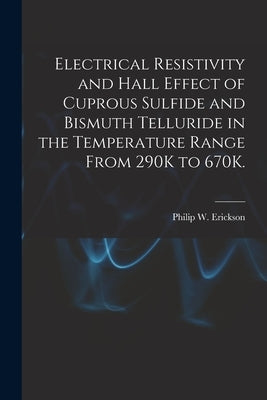 Electrical Resistivity and Hall Effect of Cuprous Sulfide and Bismuth Telluride in the Temperature Range From 290K to 670K. by Erickson, Philip W.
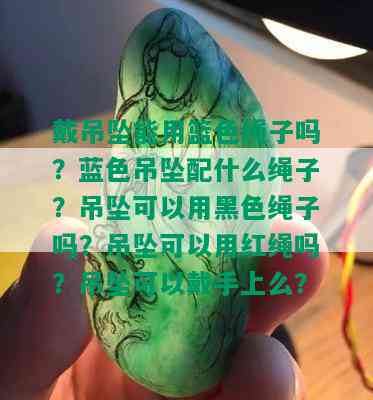 戴吊坠能用篮色绳子吗？蓝色吊坠配什么绳子？吊坠可以用黑色绳子吗？吊坠可以用红绳吗？吊坠可以戴手上么？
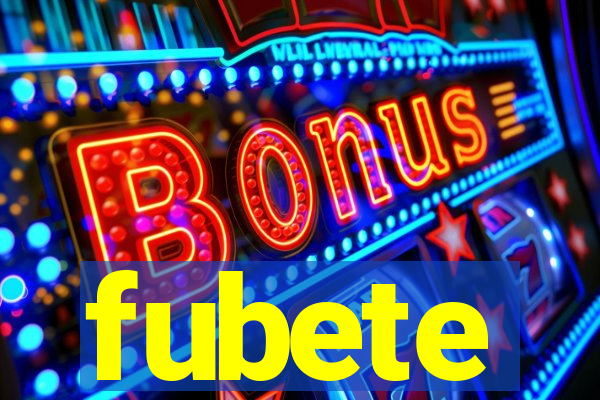fubete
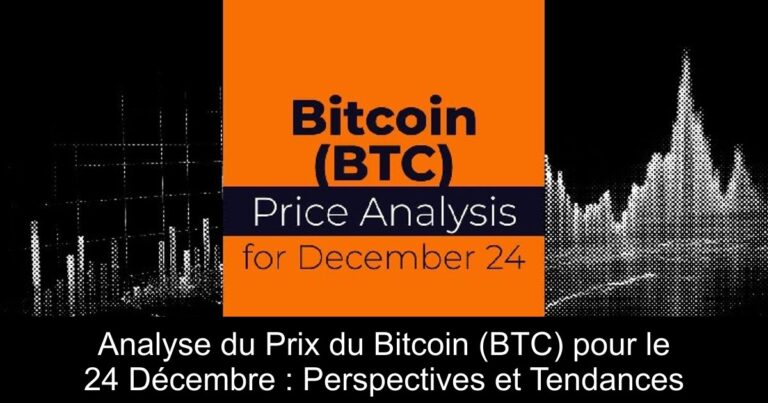 Analyse du Prix du Bitcoin (BTC) pour le 24 Décembre : Perspectives et Tendances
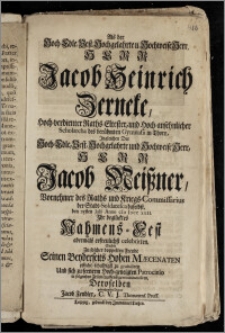 Als der Hoch-Edle [...] Herr Jacob Heinrich Zerneke, Hoch-verdienter Raths-Eltester, und [...] Scholarcha des [...] Gymnasii in Thorn, Jngleichen Der [...] Herr Jacob Meiszner, Vornehmer des Raths und Kriegs-Commissarius der Stadt-Soldatesca daselbst, den 25sten Julii Anno cIc Iccc xxii. Jhr [...] Nahmens-Fest [...] celebrirten, Suchte [...] Seinen [...] Mæcenaten [...] zu gratuliren [...] Deroselben [...] Diener Jacob Fendler, C. V. J. Thorunens. Pruss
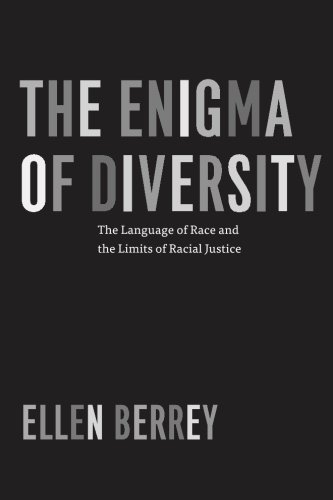 The Enigma of Diversity: The Language of Race and the Limits of Racial Justice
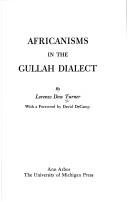 Africanisms in the Gullah dialect by Lorenzo Dow Turner
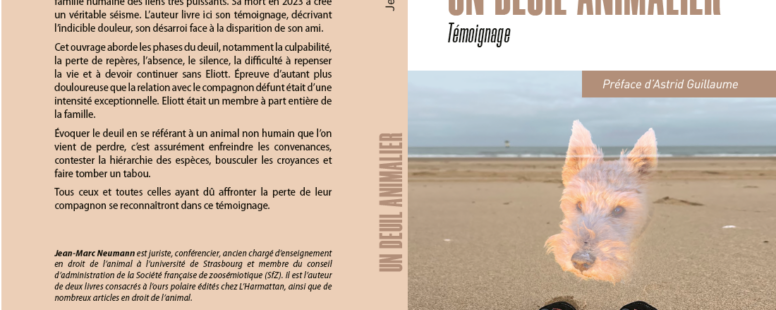 [Publication] Un Deuil animalier. Témoignage, Jean-Marc Neumann, préface d&rsquo;Astrid Guillaume, Collection Zoosémiotique chez L&rsquo;Harmattan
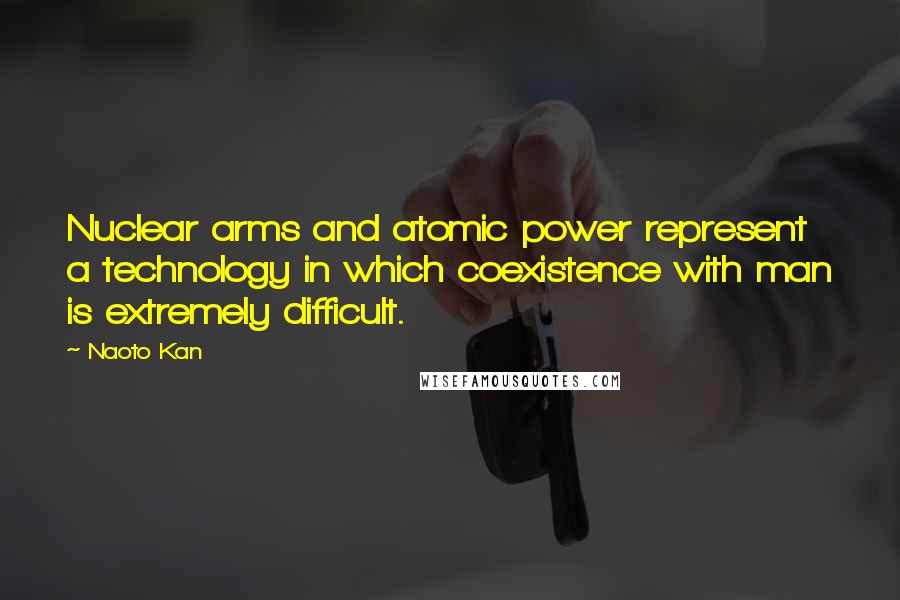 Naoto Kan Quotes: Nuclear arms and atomic power represent a technology in which coexistence with man is extremely difficult.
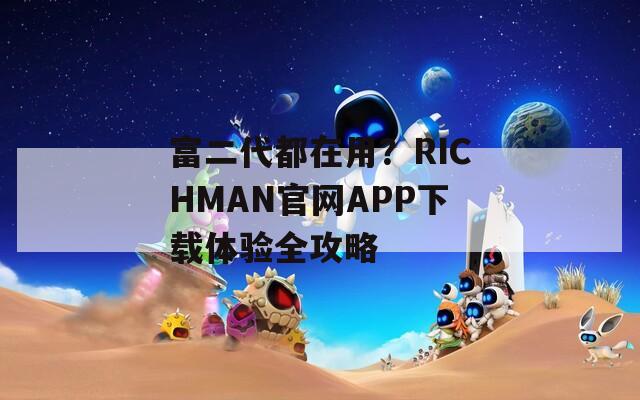 富二代都在用？RICHMAN官网APP下载体验全攻略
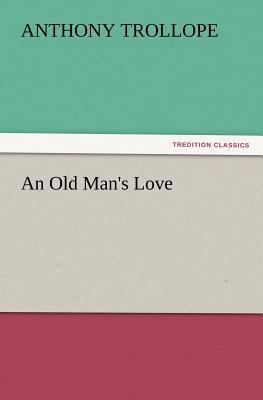 An Old Man's Love 3847221299 Book Cover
####################
Print, word for word, the lines above that run from the line containing "The Enigma of" to the line containing "[Publication] Un Deuil", both included. Keep the pictures out.

## Result of the task
 The Enigma of Diversity: The Language of Race and the Limits of Racial Justice
 Africanisms in the Gullah dialect by Lorenzo Dow Turner
 [Publication] Un Deuil animalier. Témoignage, Jean-Marc Neumann, préface d&rsquo;Astrid Guillaume, Collection Zoosémiotique chez L&rsquo;Harmattan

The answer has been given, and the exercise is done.